DOM Interface is what most programmers are familiar with. Given XML, they build an in-memory tree. They can then be easily searched using XPath. DOM parsers provide easy data extraction, are programmer friendly, but have high memory use, and you pay a serious speed penalty.

HTML Processing is just like XML parsing, but it limited to the HTML DOM.

Data Extraction in XML can be done two different ways:
- CSS selectors
- XPath queries

XPath basics:

//foo <!-- start at absolute root -->
.//foo <!-- start a relative root -->
//foo[@bar] <!-- has bar attribute -->
//foo[@bar = 'baz'] <!-- has bar attribute with a value of 'baz' -->

Here is an example of a problem for parsers that support either CSS and XPath selector as parameter, like Hpricot:


The problem is that it is both valid XPath AND CSS. Nokugiri has separate methods for searching CSS or Xpath, so as to avoid this problem.

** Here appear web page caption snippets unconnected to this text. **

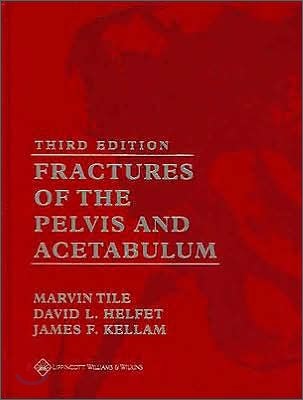 Fractures of the Pelvis and Acetabulum with CDROM, 3/E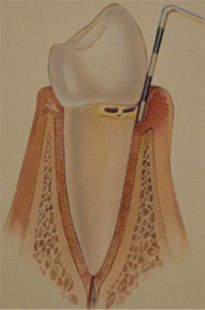 Zeichnung eines Zahnes bei dem mit einem Plättchen die Zahnfleischtasche gemessen wird. Das Zahnfleisch ist stark entzündet und der Kieferknochen ist angegriffen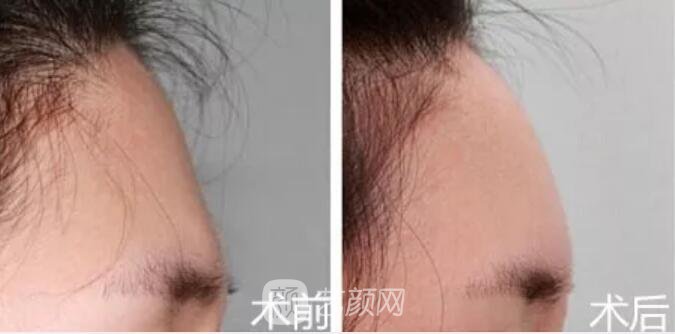 重庆当代整形医院自体脂肪填充照真人案例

XML Namespaces use URL's to remain globally unique, to avoid collisions between XML formats taht are different, but use the same node name. Here is an important point: XML Namespaces are as important as tag names.

HTML Correction is taking some invalid HTML, and "fixing" it. For example, making sure that all tags are properly nested.

Aaron wrote a tool called tree_diff, that compares XML trees, cause "they are interesting". With this tool he was able to process many HTML files with multiple HTML correctors/parsers, then compare the results to see if they matched. In many cases, they did not!

Fonts are hard
Attributes are harder

29% of the time it works all of the time

Seems like after all that, I will never use anything but Nokogiri for XML parsing again!

1 comment:

Lord Krispy said...

Man, xml is a pain in the ass! I get what you are saying about the data extraction issues. Its a shame there is not a blend of push/pull/sax that would allow non-dom based data extraction.

Had fun chatting with you and your brother at Future Ruby.